▶ [The task]:
Return exactly the lines of the records below, starting at the line that contains "Hotel Almuhaidb Residence Abha" and ending at the line that contains "В Иркутске прошло", with both of those lines kept.

▶ [Input material]:

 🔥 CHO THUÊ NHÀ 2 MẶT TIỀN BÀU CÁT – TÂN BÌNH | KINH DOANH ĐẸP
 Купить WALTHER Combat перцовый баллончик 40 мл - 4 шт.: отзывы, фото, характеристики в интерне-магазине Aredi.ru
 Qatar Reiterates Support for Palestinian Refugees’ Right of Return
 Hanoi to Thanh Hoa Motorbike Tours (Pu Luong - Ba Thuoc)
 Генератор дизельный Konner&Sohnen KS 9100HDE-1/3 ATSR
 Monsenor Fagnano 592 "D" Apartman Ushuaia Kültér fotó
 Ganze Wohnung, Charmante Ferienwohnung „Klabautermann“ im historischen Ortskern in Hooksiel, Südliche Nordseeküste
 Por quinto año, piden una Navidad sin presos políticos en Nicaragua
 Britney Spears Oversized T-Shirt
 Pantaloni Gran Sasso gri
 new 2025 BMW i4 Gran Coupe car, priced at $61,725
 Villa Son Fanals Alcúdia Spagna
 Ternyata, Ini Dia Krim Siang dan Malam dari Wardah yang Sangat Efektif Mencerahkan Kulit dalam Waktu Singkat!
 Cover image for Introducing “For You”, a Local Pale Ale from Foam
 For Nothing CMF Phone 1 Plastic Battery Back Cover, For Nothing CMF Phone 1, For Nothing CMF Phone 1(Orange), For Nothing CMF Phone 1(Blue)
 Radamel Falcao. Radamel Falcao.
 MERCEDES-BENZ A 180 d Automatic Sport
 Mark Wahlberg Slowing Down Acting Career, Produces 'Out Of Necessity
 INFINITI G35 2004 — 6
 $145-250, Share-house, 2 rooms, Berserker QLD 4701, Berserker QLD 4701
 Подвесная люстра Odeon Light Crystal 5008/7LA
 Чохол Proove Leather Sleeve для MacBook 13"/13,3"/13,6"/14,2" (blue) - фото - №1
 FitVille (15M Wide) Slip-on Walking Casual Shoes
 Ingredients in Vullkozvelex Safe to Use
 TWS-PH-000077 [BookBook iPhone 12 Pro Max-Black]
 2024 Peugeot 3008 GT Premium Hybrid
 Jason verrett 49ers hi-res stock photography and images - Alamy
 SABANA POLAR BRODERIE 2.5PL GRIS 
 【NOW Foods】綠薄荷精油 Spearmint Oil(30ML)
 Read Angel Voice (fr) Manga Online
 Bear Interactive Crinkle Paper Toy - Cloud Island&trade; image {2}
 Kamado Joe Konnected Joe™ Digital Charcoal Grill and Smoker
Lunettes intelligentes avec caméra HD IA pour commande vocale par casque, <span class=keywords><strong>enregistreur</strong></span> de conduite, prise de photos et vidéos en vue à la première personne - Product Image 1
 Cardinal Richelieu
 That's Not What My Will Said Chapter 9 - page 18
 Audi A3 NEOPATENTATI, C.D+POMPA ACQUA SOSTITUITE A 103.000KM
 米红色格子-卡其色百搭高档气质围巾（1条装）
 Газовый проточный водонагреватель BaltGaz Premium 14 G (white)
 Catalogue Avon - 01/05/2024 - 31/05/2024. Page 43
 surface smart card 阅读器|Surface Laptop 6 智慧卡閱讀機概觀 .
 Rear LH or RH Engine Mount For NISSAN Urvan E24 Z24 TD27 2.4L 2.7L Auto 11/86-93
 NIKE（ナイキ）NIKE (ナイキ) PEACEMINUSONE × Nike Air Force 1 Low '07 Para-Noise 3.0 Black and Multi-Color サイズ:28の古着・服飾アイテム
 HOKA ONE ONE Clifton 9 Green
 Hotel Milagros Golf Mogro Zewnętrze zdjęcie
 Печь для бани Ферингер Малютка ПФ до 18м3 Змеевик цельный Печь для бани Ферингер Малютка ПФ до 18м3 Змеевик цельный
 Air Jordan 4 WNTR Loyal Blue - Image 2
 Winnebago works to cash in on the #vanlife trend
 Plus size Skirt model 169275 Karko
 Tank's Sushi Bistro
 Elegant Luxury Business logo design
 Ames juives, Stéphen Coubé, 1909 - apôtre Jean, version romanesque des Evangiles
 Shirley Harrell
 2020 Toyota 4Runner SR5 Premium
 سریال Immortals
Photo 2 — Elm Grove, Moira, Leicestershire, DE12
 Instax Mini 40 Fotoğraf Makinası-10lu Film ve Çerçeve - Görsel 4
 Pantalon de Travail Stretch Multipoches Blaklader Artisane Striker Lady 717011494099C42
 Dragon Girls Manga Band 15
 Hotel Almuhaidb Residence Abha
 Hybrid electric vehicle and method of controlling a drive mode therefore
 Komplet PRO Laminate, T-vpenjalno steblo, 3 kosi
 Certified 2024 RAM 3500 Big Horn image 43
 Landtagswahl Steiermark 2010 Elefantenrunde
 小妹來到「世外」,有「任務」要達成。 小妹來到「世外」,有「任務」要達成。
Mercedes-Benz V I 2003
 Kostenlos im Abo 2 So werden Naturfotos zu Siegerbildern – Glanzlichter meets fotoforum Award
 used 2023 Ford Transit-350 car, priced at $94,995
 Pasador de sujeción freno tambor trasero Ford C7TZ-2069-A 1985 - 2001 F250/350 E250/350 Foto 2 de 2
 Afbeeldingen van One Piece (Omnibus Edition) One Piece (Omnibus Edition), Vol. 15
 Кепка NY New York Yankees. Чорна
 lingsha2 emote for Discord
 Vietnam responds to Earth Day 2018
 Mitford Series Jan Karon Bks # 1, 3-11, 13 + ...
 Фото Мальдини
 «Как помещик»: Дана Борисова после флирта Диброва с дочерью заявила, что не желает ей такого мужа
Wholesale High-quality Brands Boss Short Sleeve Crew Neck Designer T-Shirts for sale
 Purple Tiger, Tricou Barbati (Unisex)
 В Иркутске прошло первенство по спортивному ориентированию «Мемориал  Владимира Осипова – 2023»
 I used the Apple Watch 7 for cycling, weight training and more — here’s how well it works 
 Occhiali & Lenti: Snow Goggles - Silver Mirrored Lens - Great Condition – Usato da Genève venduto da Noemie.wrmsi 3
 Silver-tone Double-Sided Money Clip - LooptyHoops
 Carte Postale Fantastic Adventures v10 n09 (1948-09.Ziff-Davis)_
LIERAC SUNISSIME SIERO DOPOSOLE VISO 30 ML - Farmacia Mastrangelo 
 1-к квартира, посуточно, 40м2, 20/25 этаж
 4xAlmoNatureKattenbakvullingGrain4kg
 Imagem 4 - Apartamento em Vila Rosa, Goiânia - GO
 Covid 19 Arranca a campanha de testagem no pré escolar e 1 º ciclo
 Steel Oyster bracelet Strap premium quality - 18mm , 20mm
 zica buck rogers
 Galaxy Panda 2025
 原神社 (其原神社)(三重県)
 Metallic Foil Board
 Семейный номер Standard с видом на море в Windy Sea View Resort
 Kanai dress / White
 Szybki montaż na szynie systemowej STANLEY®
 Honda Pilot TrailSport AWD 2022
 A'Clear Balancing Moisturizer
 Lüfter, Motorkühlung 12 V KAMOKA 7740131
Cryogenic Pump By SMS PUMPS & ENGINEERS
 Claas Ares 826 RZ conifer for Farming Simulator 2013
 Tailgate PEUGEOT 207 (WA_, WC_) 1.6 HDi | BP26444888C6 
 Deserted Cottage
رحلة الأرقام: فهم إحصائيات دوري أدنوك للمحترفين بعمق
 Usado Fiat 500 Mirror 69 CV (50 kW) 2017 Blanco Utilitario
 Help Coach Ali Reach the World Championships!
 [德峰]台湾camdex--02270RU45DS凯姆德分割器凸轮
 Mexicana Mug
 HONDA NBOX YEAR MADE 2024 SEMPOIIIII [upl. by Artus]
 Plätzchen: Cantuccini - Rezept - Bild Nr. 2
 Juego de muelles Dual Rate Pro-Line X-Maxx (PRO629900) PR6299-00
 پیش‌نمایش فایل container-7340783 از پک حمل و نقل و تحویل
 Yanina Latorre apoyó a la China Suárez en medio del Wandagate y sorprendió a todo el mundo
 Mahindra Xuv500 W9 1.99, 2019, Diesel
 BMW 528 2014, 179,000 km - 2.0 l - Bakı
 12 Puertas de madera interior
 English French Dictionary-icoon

▶ [Answer to this exercise]:
 Hotel Almuhaidb Residence Abha
 Hybrid electric vehicle and method of controlling a drive mode therefore
 Komplet PRO Laminate, T-vpenjalno steblo, 3 kosi
 Certified 2024 RAM 3500 Big Horn image 43
 Landtagswahl Steiermark 2010 Elefantenrunde
 小妹來到「世外」,有「任務」要達成。 小妹來到「世外」,有「任務」要達成。
Mercedes-Benz V I 2003
 Kostenlos im Abo 2 So werden Naturfotos zu Siegerbildern – Glanzlichter meets fotoforum Award
 used 2023 Ford Transit-350 car, priced at $94,995
 Pasador de sujeción freno tambor trasero Ford C7TZ-2069-A 1985 - 2001 F250/350 E250/350 Foto 2 de 2
 Afbeeldingen van One Piece (Omnibus Edition) One Piece (Omnibus Edition), Vol. 15
 Кепка NY New York Yankees. Чорна
 lingsha2 emote for Discord
 Vietnam responds to Earth Day 2018
 Mitford Series Jan Karon Bks # 1, 3-11, 13 + ...
 Фото Мальдини
 «Как помещик»: Дана Борисова после флирта Диброва с дочерью заявила, что не желает ей такого мужа
Wholesale High-quality Brands Boss Short Sleeve Crew Neck Designer T-Shirts for sale
 Purple Tiger, Tricou Barbati (Unisex)
 В Иркутске прошло первенство по спортивному ориентированию «Мемориал  Владимира Осипова – 2023»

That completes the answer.